By Sean Hartnett
British research submarine Boaty McBoatface made a startling discovery during its maiden voyage. The humorously-named submarine uncovered a significant link between Antarctic winds and rising sea temperatures.
The ship travelled 112 miles, measuring the temperature, saltiness and turbulence across three days of research.
Boaty McBoatface was able to capture a 3D map of deep ocean waters as they move away from Antarctica. The findings have confirmed that turbulence is causing warm water is raising the temperature of colder water running along the ocean floor. Scientists are connecting this behavior to changing wind patterns.

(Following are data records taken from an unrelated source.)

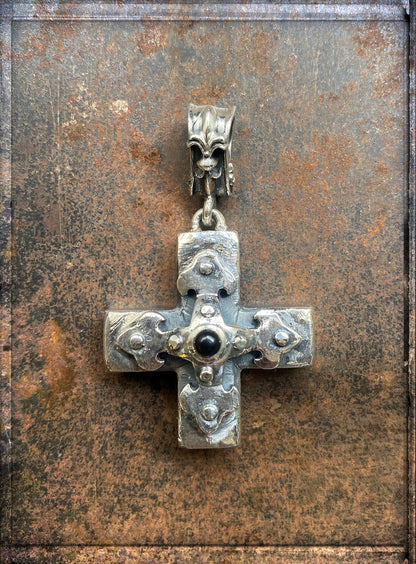 Elfcraft Massiver Kreuz-Anhänger Gleichschenkelig Onyx Cabochon Lilien-Öse 3,5 cm 5,6 cm Sterling Silber Unisex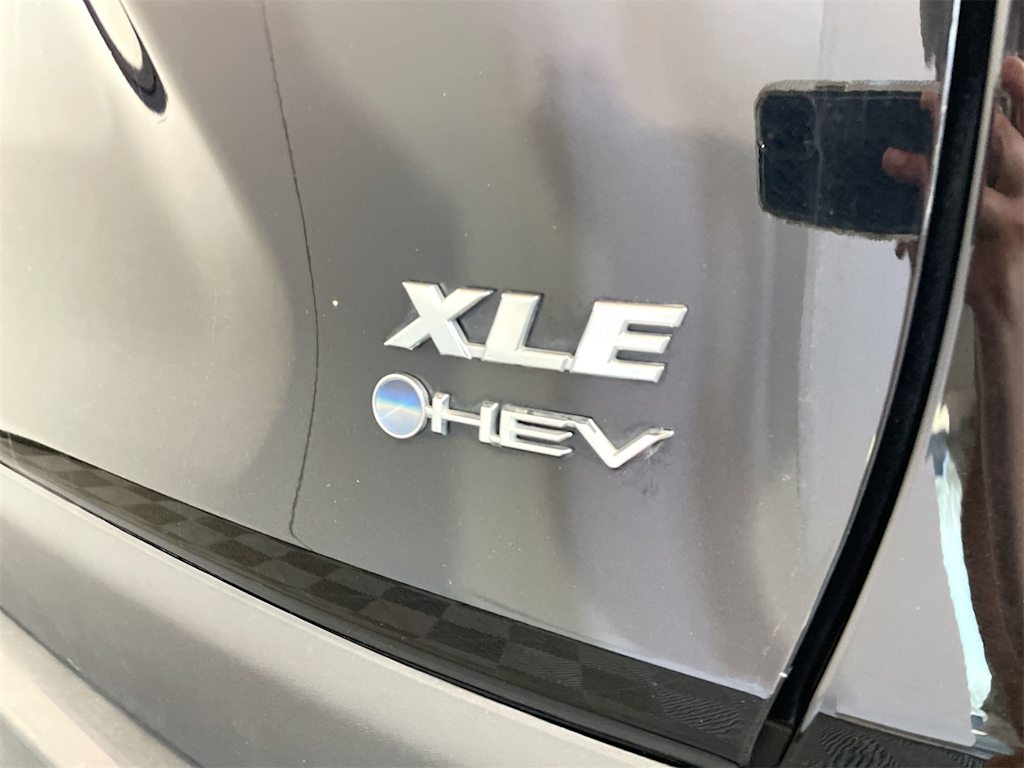 Thumbnail: 2025 Toyota RAV4 - 6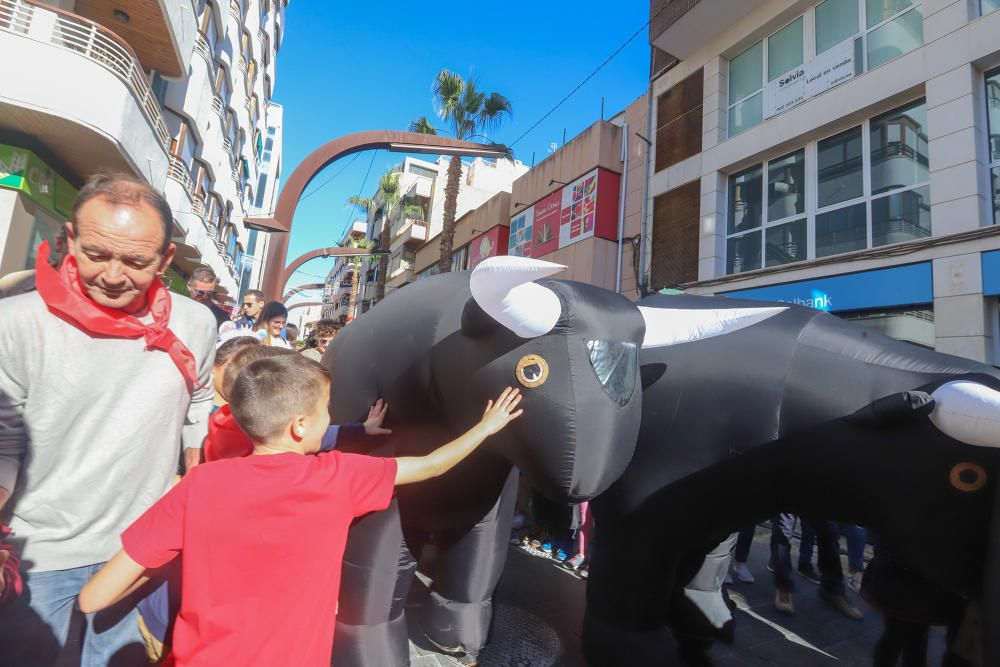 Toros "bravos" y carreras con el San Fermín infantil en de las fiestas patronales de Torrevieja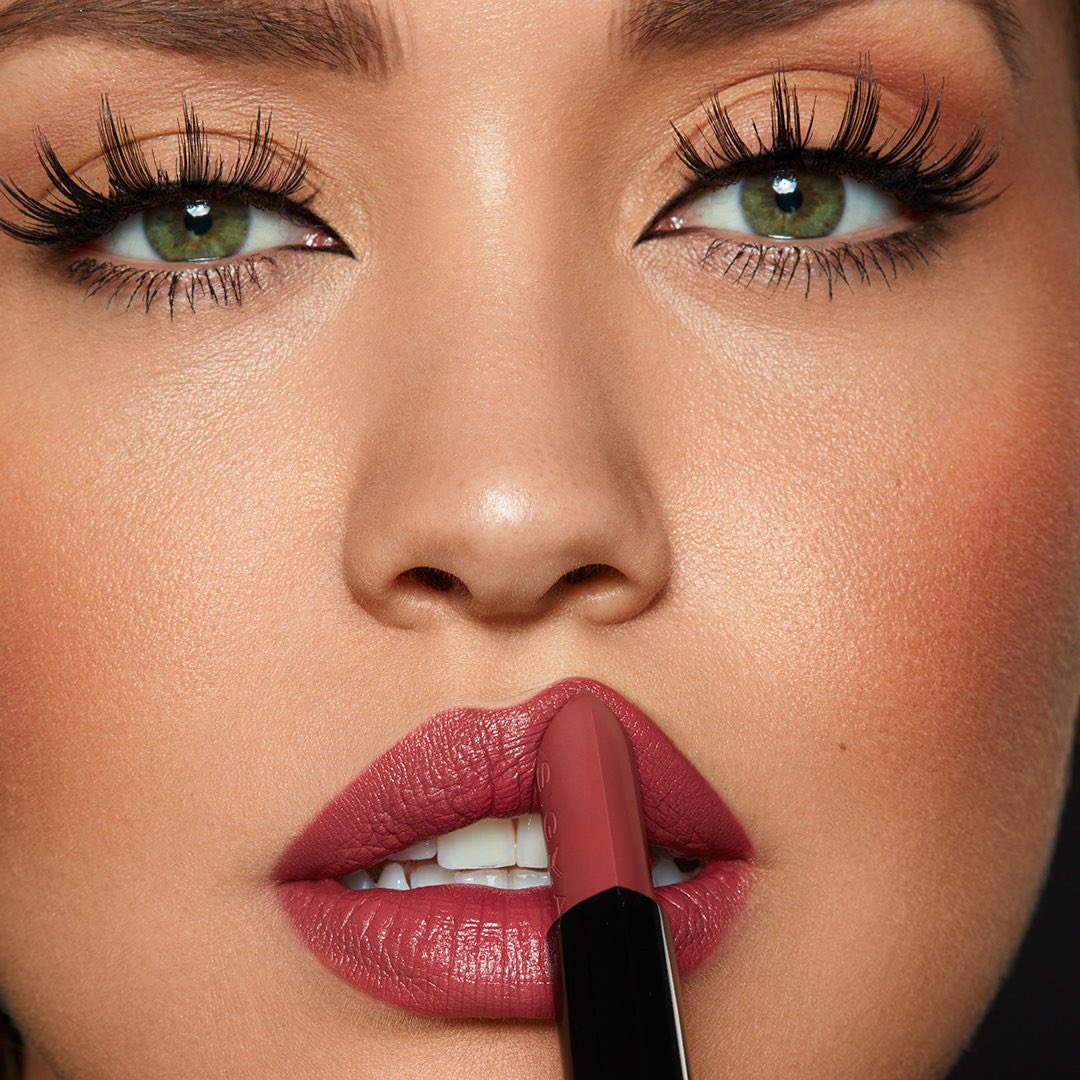 SigmaBeauty's tweet photo. Never the lose the point with our #InfinityPointLipstick! Featuring a unique, patented ridge designed to keep your lipstick in a perfect point throughout use. #sigmabeauty 

Model: @_lidiarose_ wears the shade Temptation
Makeup + Photo: @jordanliberty⁣ https://t.co/WqgeT1uzxq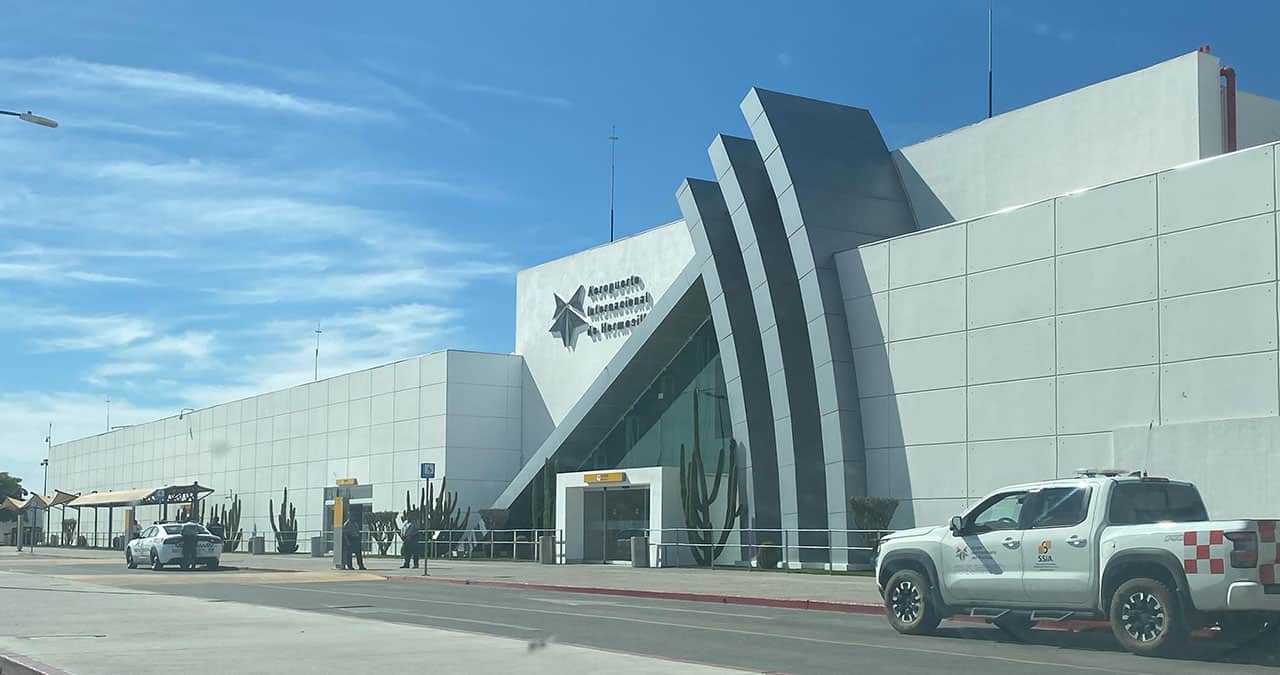 Cae helicóptero privado en Aeropuerto Internacional de Hermosillo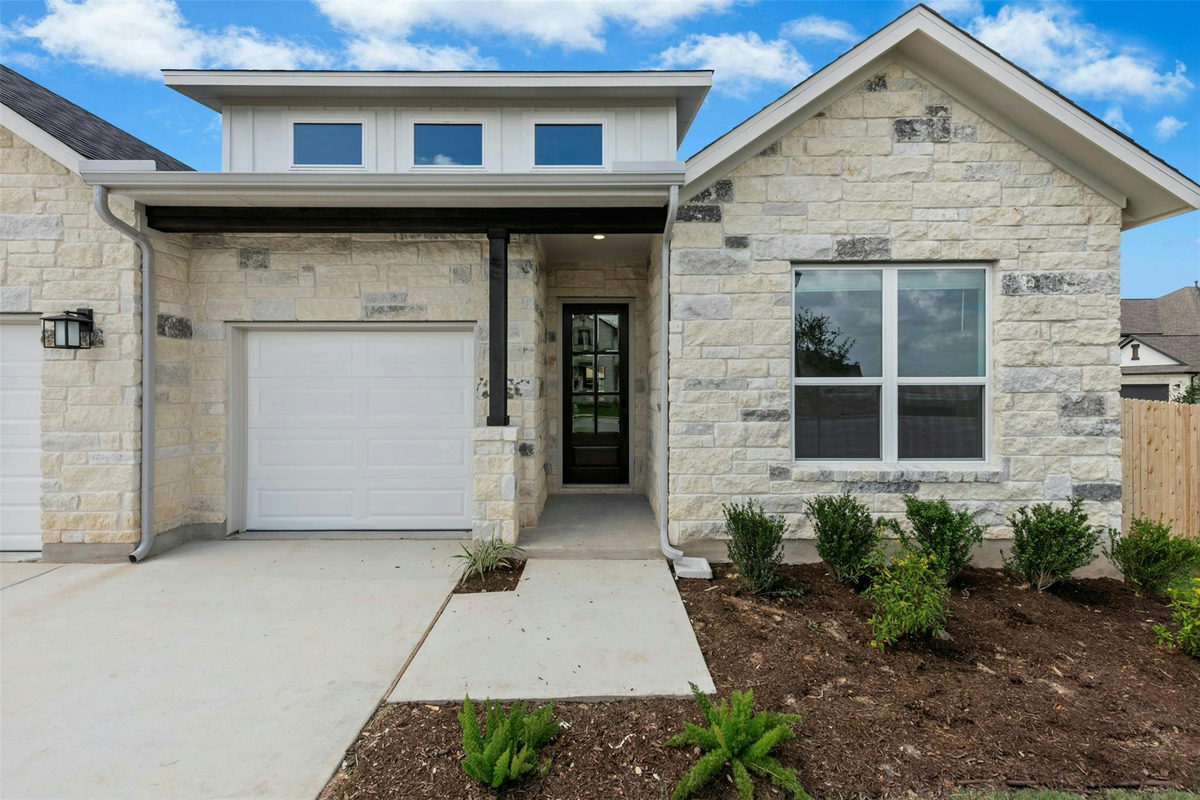 17205 Hope Bergman Dr — photo 4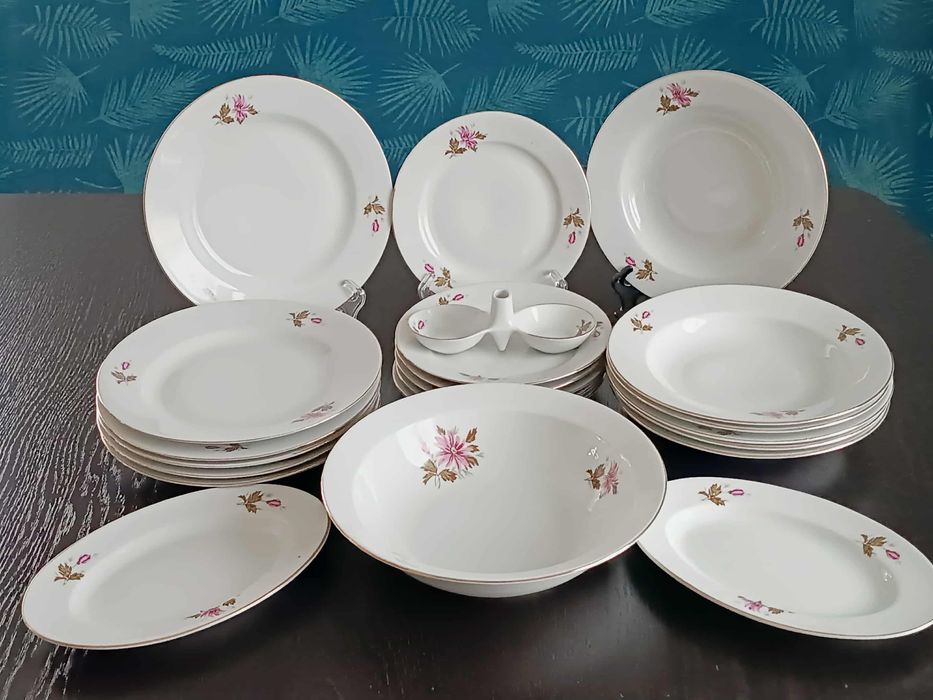 Продавам нов сервиз за хранене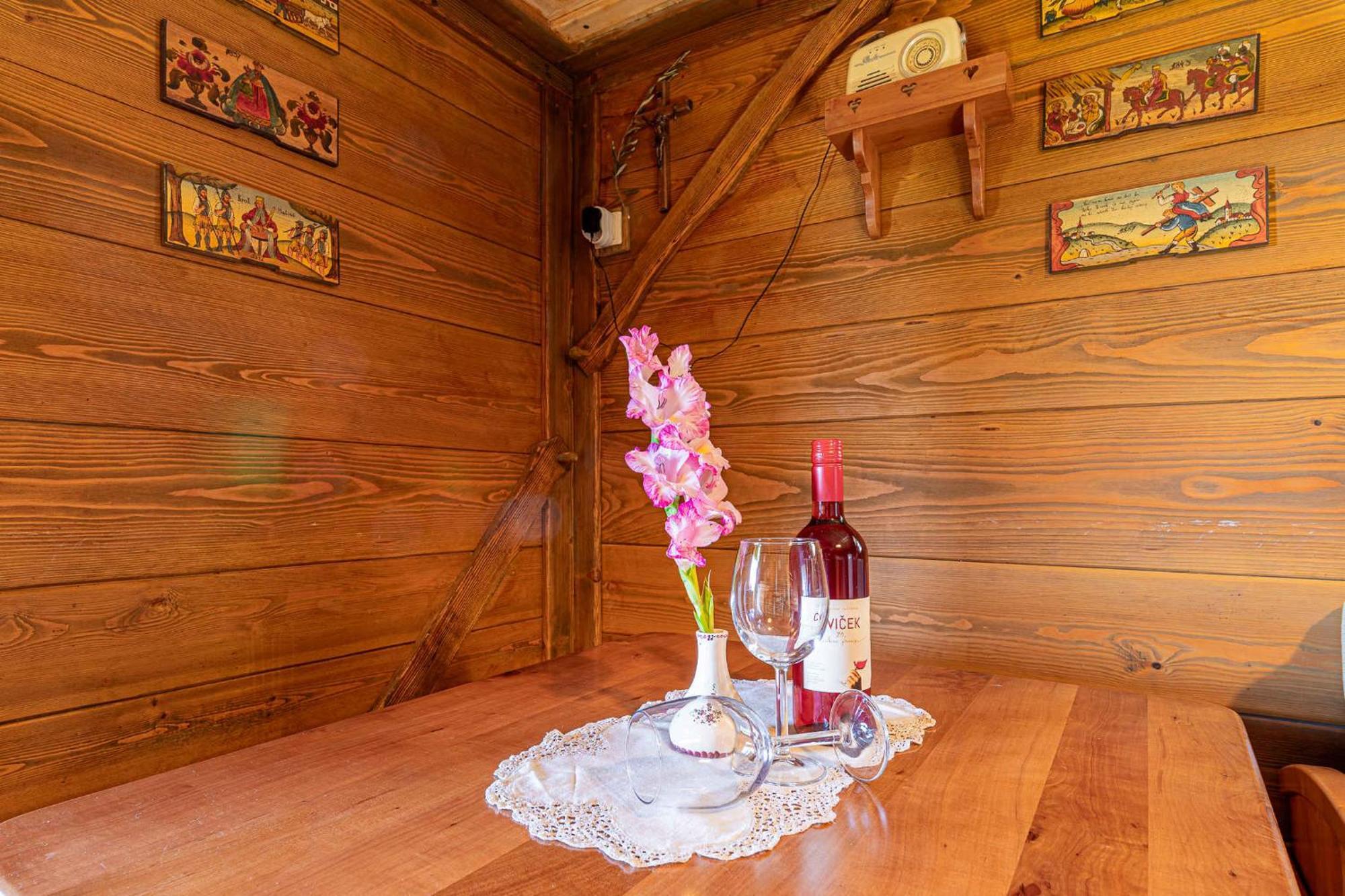 Holiday Home In Otocec - Kranjska Krain 26039 Dış mekan fotoğraf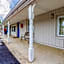 Relax Inn By OYO Natural Bridge I-81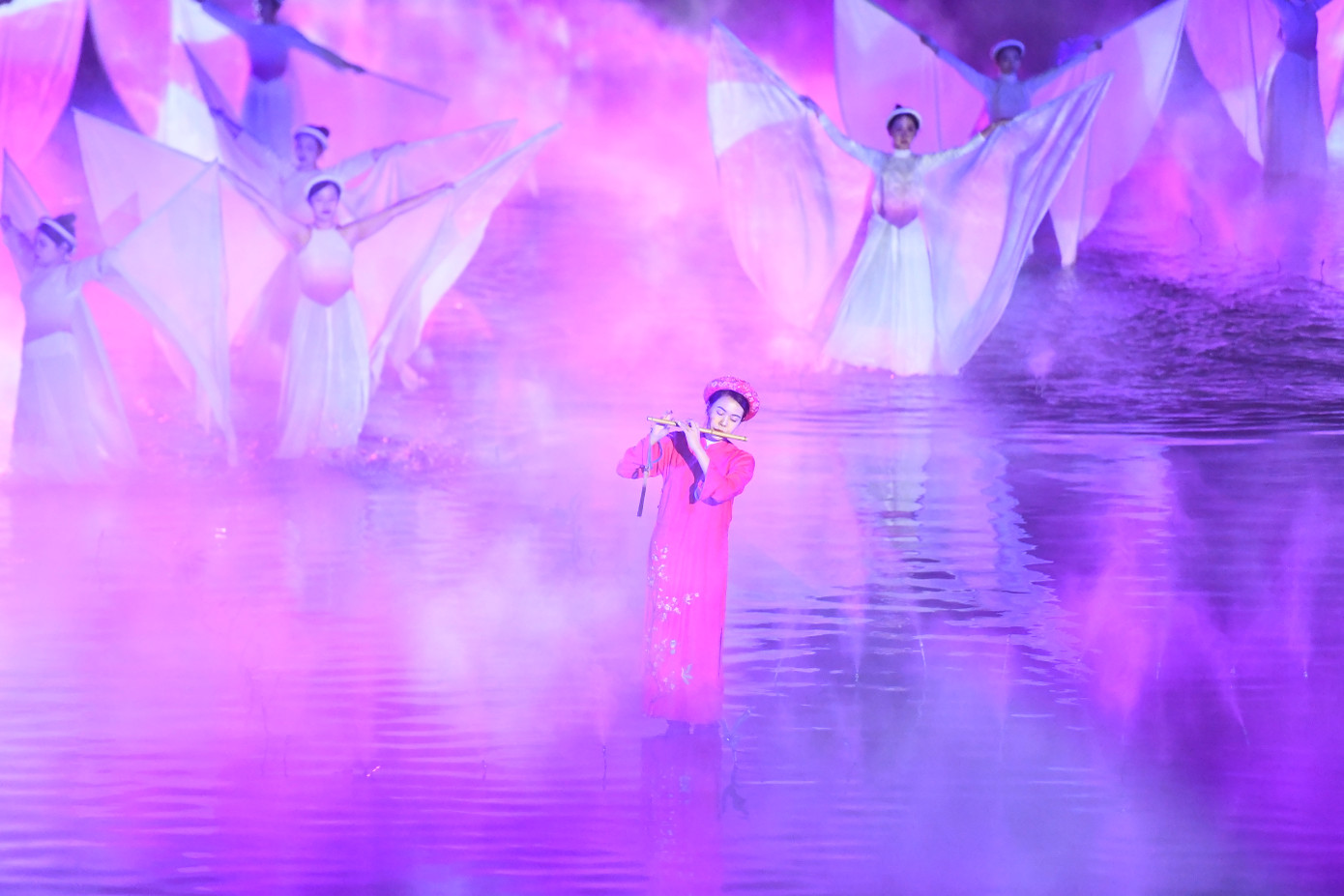 Vở diễn Tinh hoa Bắc Bộ được tổ chức Guinness Việt Nam trao bằng xác lập 2 kỷ lục là “Vở diễn có sân khấu mặt nước lớn nhất Việt Nam” và “Vở diễn có số lượng diễn viên là nông dân đông nhất Việt Nam”.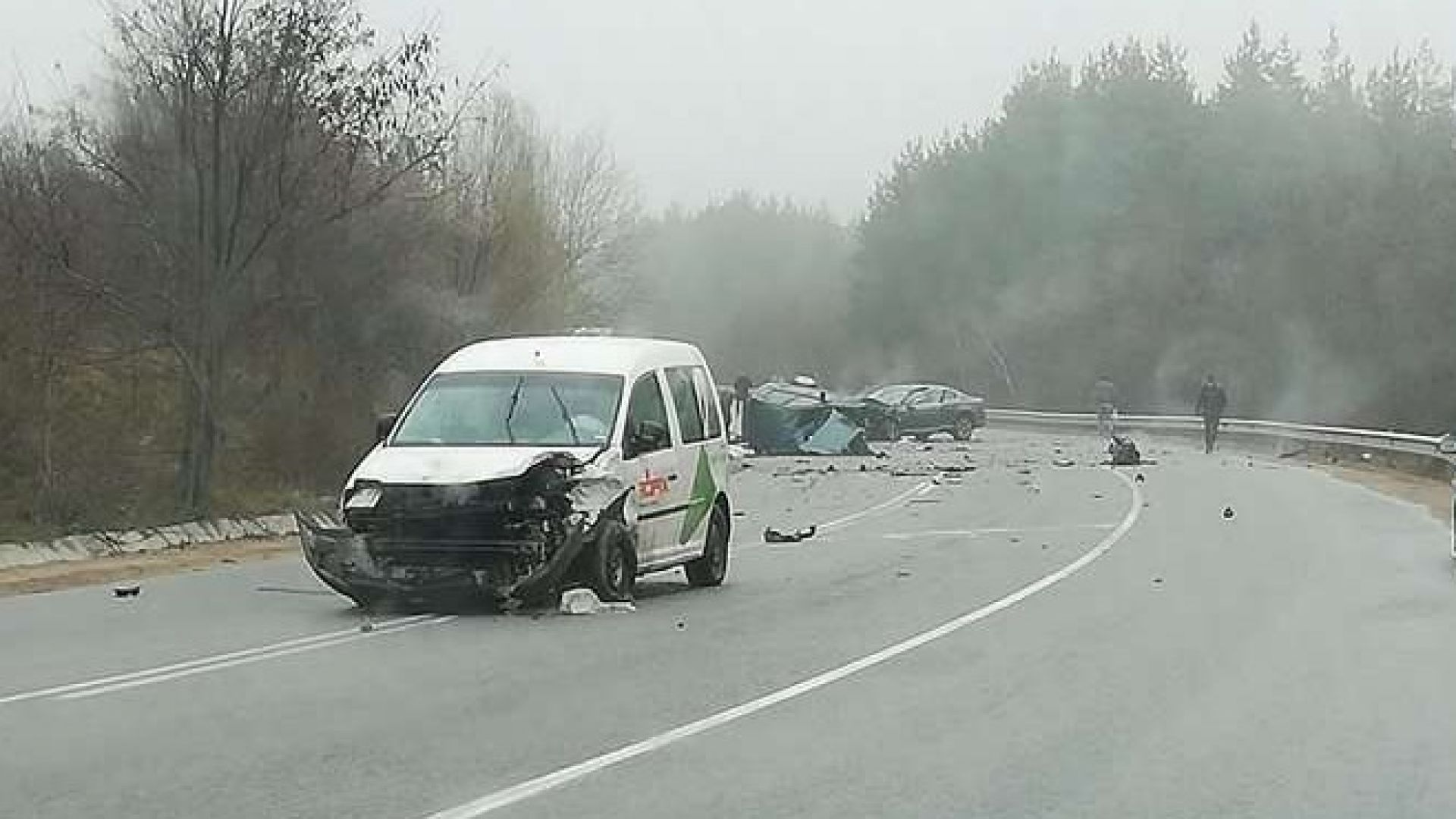 Двама души загинаха след тежка катастрофа малко след 10 часа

“The data from Boaty McBoatface gave us a completely new way of looking at the deep ocean -- the path taken by Boaty created a spatial view of the turbulence near the seafloor,” Eleanor Frajka-Williams of the National Oceanography Centre said in a statement.
“This study is a great example of how exciting new technology can be used along with ship-based measurements and cutting-edge ocean models to discover and explain previously unknown processes affecting heat transport within the ocean,” stated Povl Abrahamsen of the British Antarctic Survey.
The $300 million polar research ship was given its unusual name via a public poll. Over 124,000 votes were cast in favor of the ship’s current name after BBC Radio Jersey presenter James Hand jokingly suggested the silly moniker.
Antarctic winds have continued to grow stronger due to the thinning of the ozone layer and the build-up of greenhouse gases.